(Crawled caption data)
□ □ □ □ □ □ □

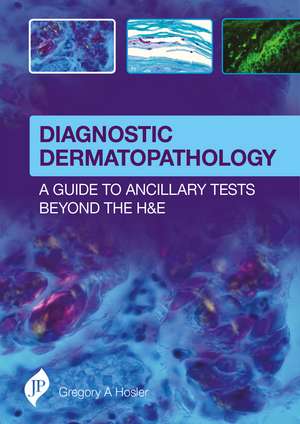 Diagnostic Dermatopathology: A Guide to Ancillary Tests Beyond the H&E de Gregory Hosler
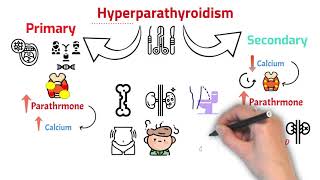 ماذا تعرف عن الغدة الجاردرقية Parathyroid Gland  وعلاقتها بالكالسيوم  وأعراض النقص والزيادة؟ [upl. by Ellehs256]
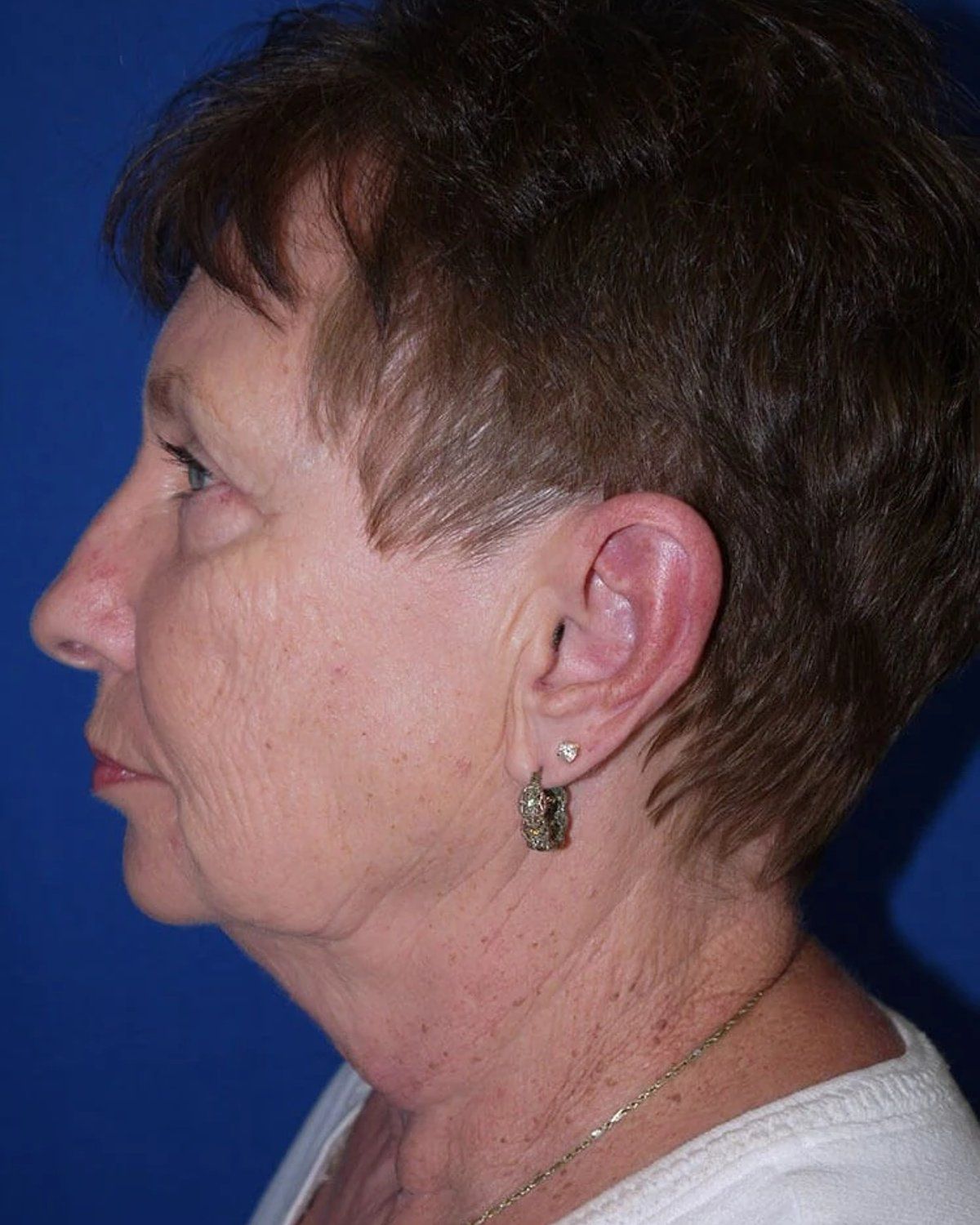 Necklift, Left Profile view, before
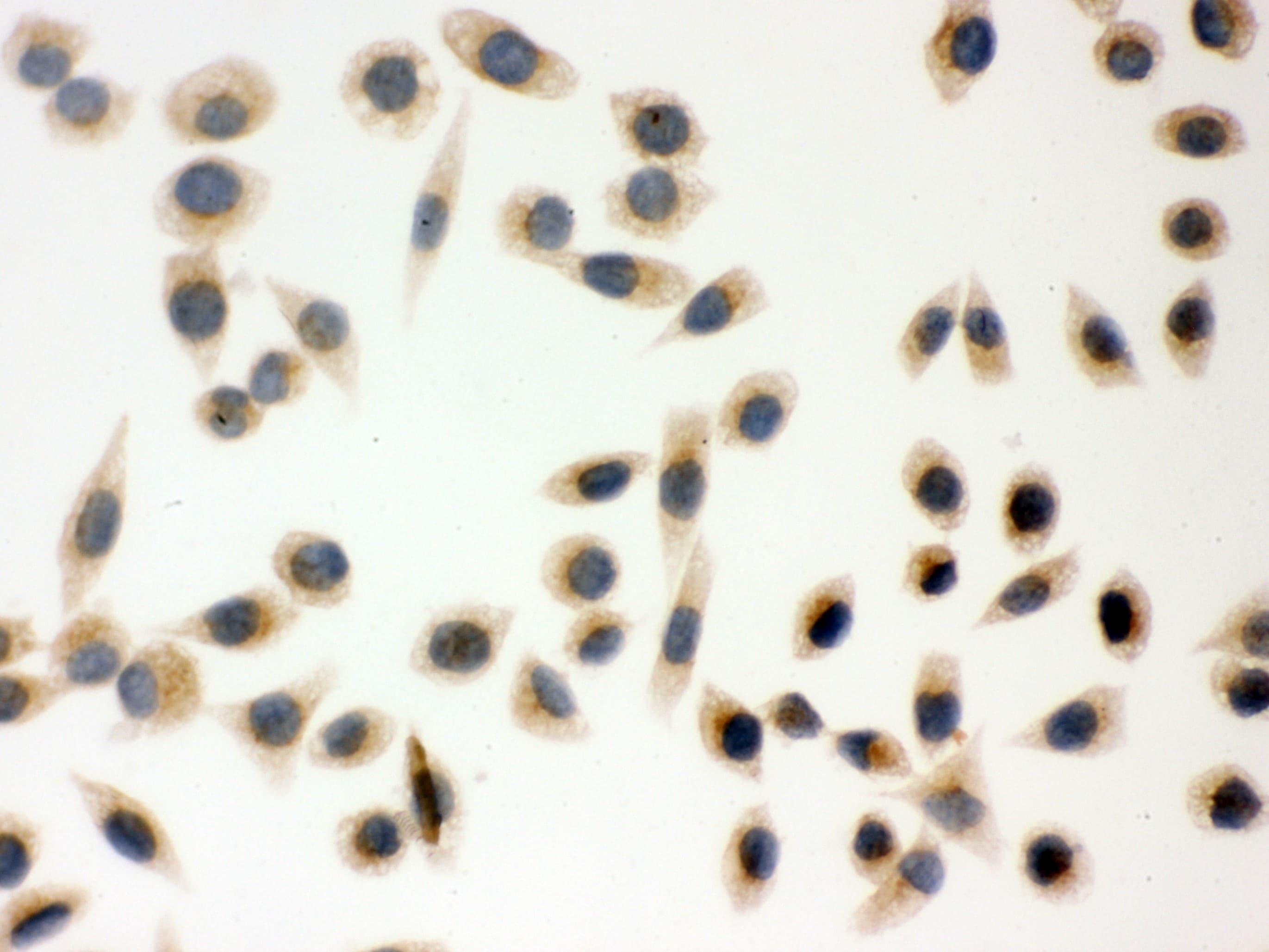PRDX5 / Peroxiredoxin 5 Antibody (aa66-198)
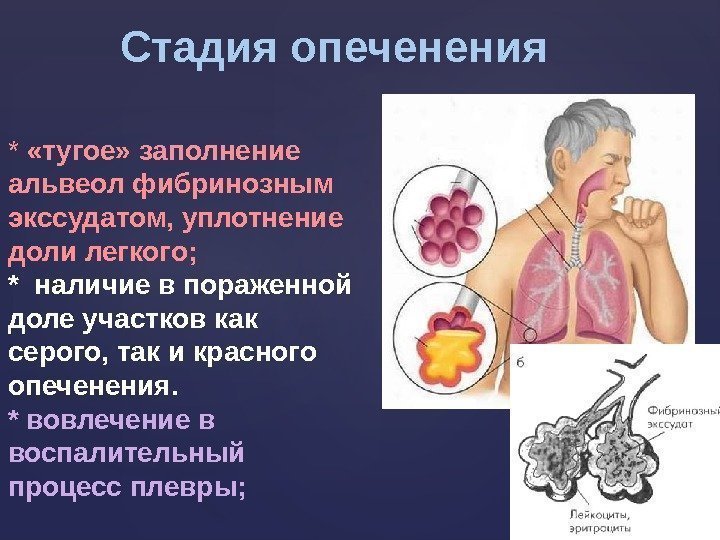 Пневмонии пропедевтика внутренних болезней презентация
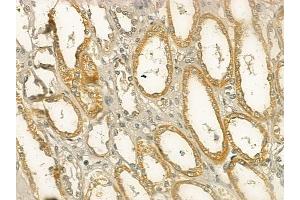 ABIN6266028 and ABIN6273347 at 1/100 staining human normal kidney tissue by IHC-P. (WISP1 Antikörper  (C-Term))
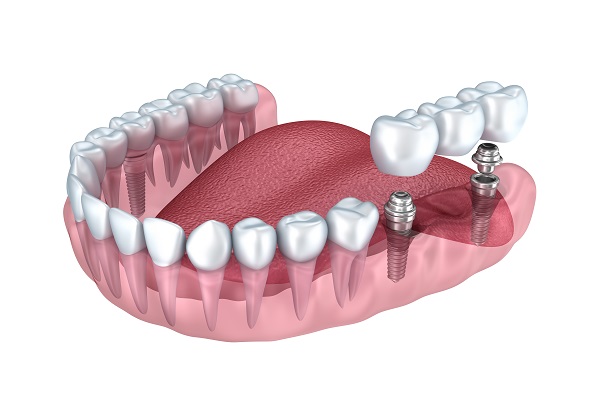 illustration of lower teeth with set of implants being placed on rear teeth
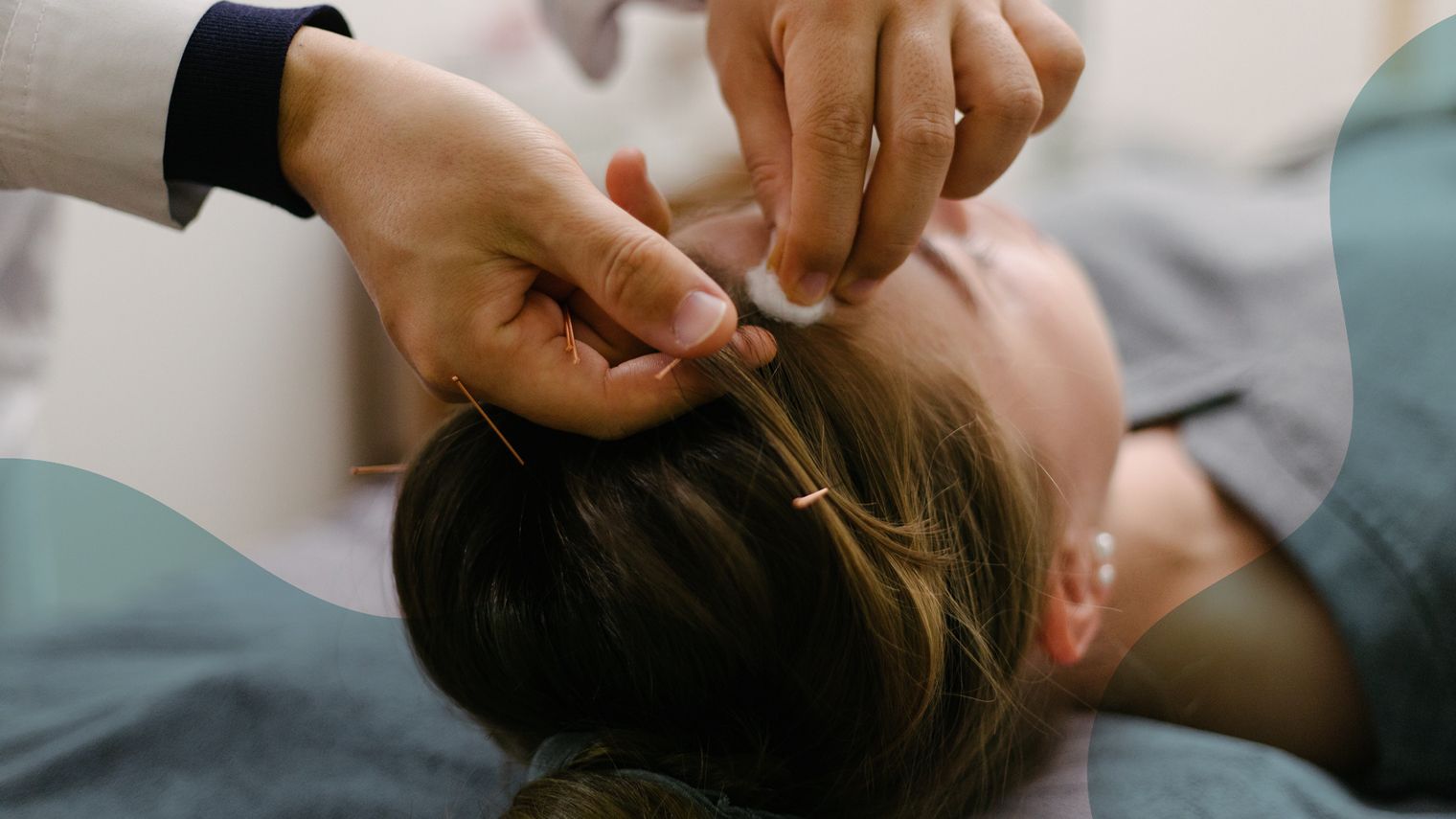 I Tried Acupuncture for Migraine: Here’s What Happened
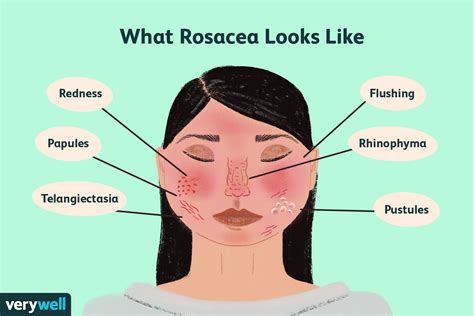 Rosacea On Neck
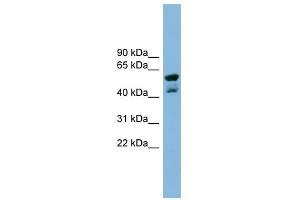 PPME1 antibody used at 1 ug/ml to detect target protein. (PPME1 抗体  (N-Term))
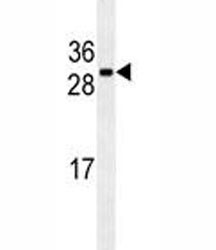 Anti-CDCA8, clone 181CT41.2.3
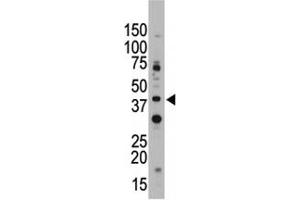 CD33 antibody used in western blot to detect CD33 in Jurkat cell lysate. (CD33 antibody  (AA 12-39))
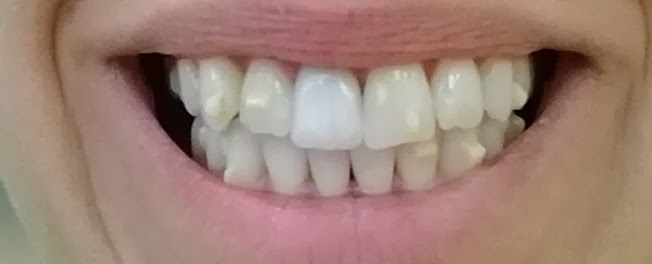Michelle's Invisalign Journey: Tray 19 & Round 1 Attachment Removal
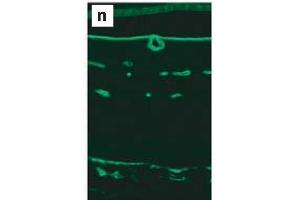 Immunohistochemistry image of Laminin YI staining in paraffin section of a 18 month-old mouse retina. (Laminin gamma 1 antibody)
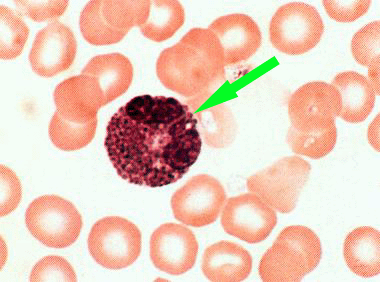 a photomicrograph of an eosinophil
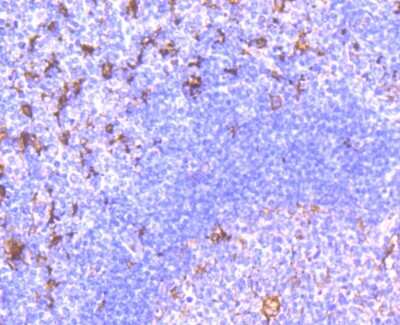 Immunohistochemistry-Paraffin: Fascin Antibody (JM12-53) [NBP2-66832] - Analysis of paraffin-embedded human tonsil tissue using anti-Fascin antibody. Counter stained with hematoxylin.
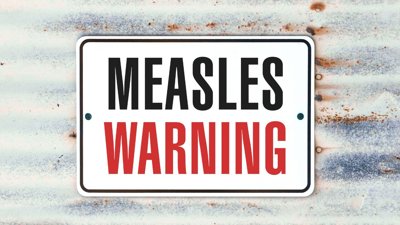 Manitoba Health Warns of Measles Exposure at Brandon Ag Days Event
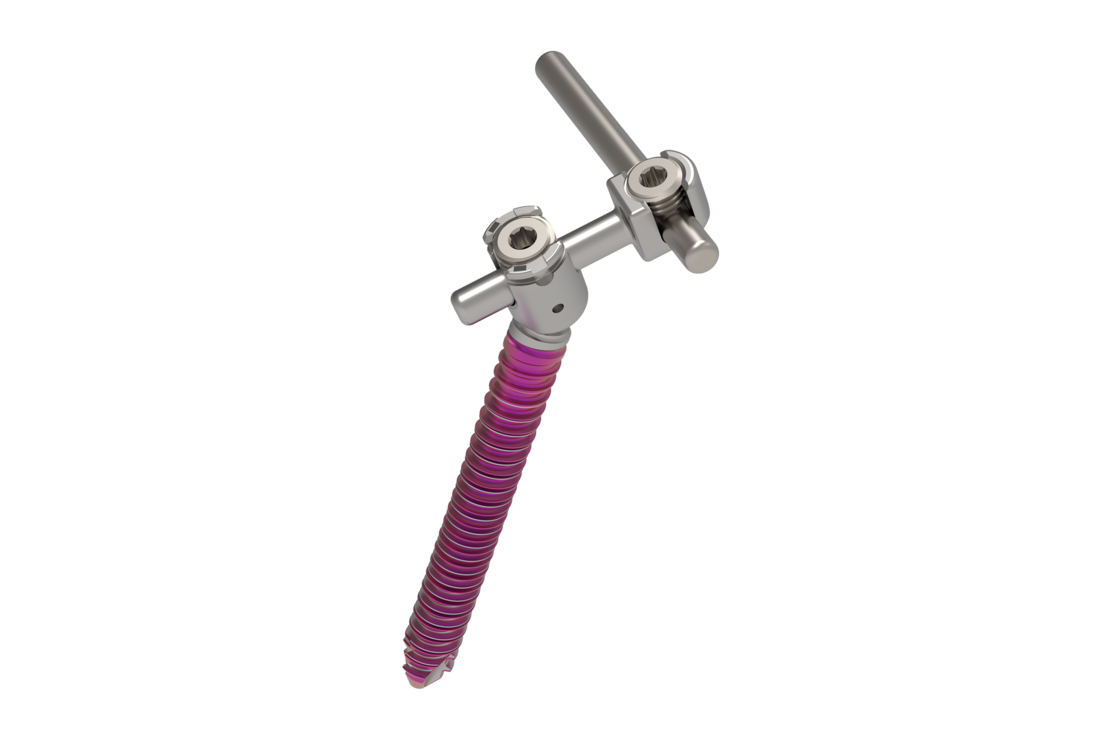 © Ulrich Medical. Todos los derechos reservados. Queda prohibido el uso, la reproducción o la distribución sin autorización expresa.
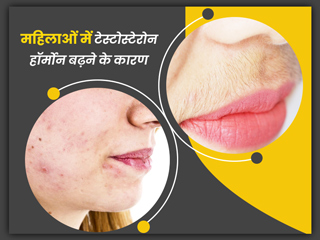 महिलाओं में टेस्टोस्टेरोन हार्मोन बढ़ने से हाने वाली समस्याएं, डॉक्टर से जानें इसके कारण और बचाव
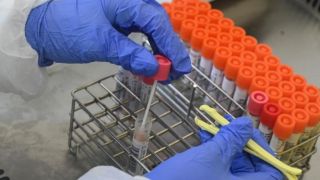 Anvisa pode agilizar aprovação da vacina coronavac no Brasil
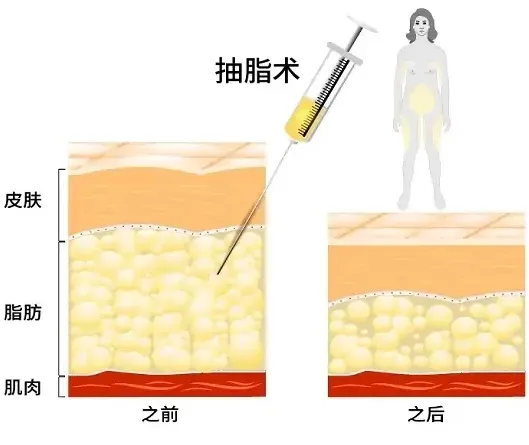 大腿吸脂术后注意事项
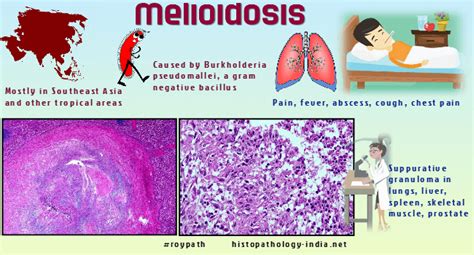 Pathology Of Melioidosis A Deadly Bacterial Disease Dr Sampurna Roy Md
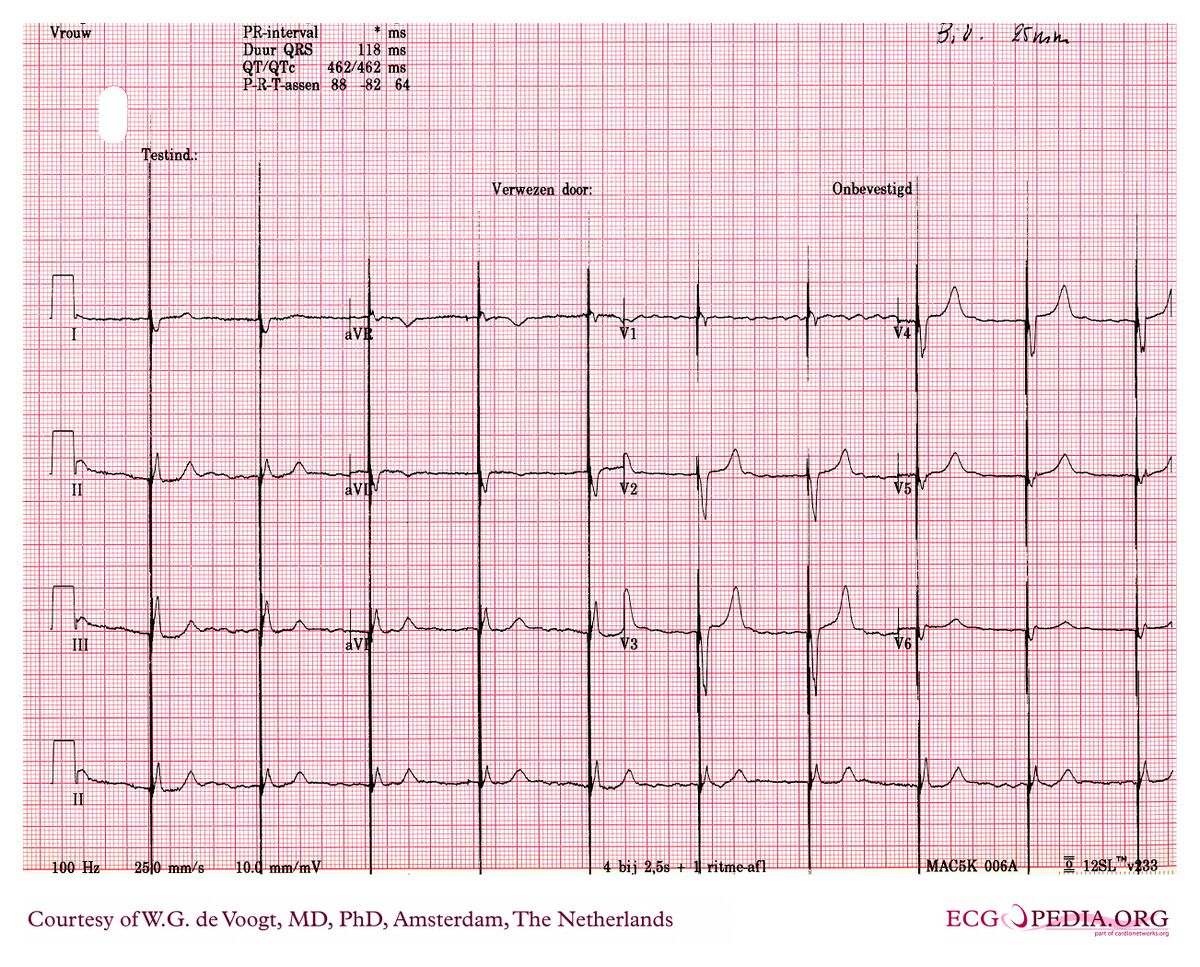 File:DVA0897.jpg - ECGpedia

□ □ □ □ □ □ □

* _TASK BRIEF_
Start with the line that holds "Пневмонии пропедевтика внутренних" and retype each line through the last one in the data, exactly and without pictures.

* _SOLVED EXERCISE_
 Пневмонии пропедевтика внутренних болезней презентация
 ABIN6266028 and ABIN6273347 at 1/100 staining human normal kidney tissue by IHC-P. (WISP1 Antikörper  (C-Term))
 illustration of lower teeth with set of implants being placed on rear teeth
 I Tried Acupuncture for Migraine: Here’s What Happened
 Rosacea On Neck
 PPME1 antibody used at 1 ug/ml to detect target protein. (PPME1 抗体  (N-Term))
 Anti-CDCA8, clone 181CT41.2.3
 CD33 antibody used in western blot to detect CD33 in Jurkat cell lysate. (CD33 antibody  (AA 12-39))
Michelle's Invisalign Journey: Tray 19 & Round 1 Attachment Removal
 Immunohistochemistry image of Laminin YI staining in paraffin section of a 18 month-old mouse retina. (Laminin gamma 1 antibody)
 a photomicrograph of an eosinophil
 Immunohistochemistry-Paraffin: Fascin Antibody (JM12-53) [NBP2-66832] - Analysis of paraffin-embedded human tonsil tissue using anti-Fascin antibody. Counter stained with hematoxylin.
 Manitoba Health Warns of Measles Exposure at Brandon Ag Days Event
 © Ulrich Medical. Todos los derechos reservados. Queda prohibido el uso, la reproducción o la distribución sin autorización expresa.
 महिलाओं में टेस्टोस्टेरोन हार्मोन बढ़ने से हाने वाली समस्याएं, डॉक्टर से जानें इसके कारण और बचाव
 Anvisa pode agilizar aprovação da vacina coronavac no Brasil
 大腿吸脂术后注意事项
 Pathology Of Melioidosis A Deadly Bacterial Disease Dr Sampurna Roy Md
 File:DVA0897.jpg - ECGpedia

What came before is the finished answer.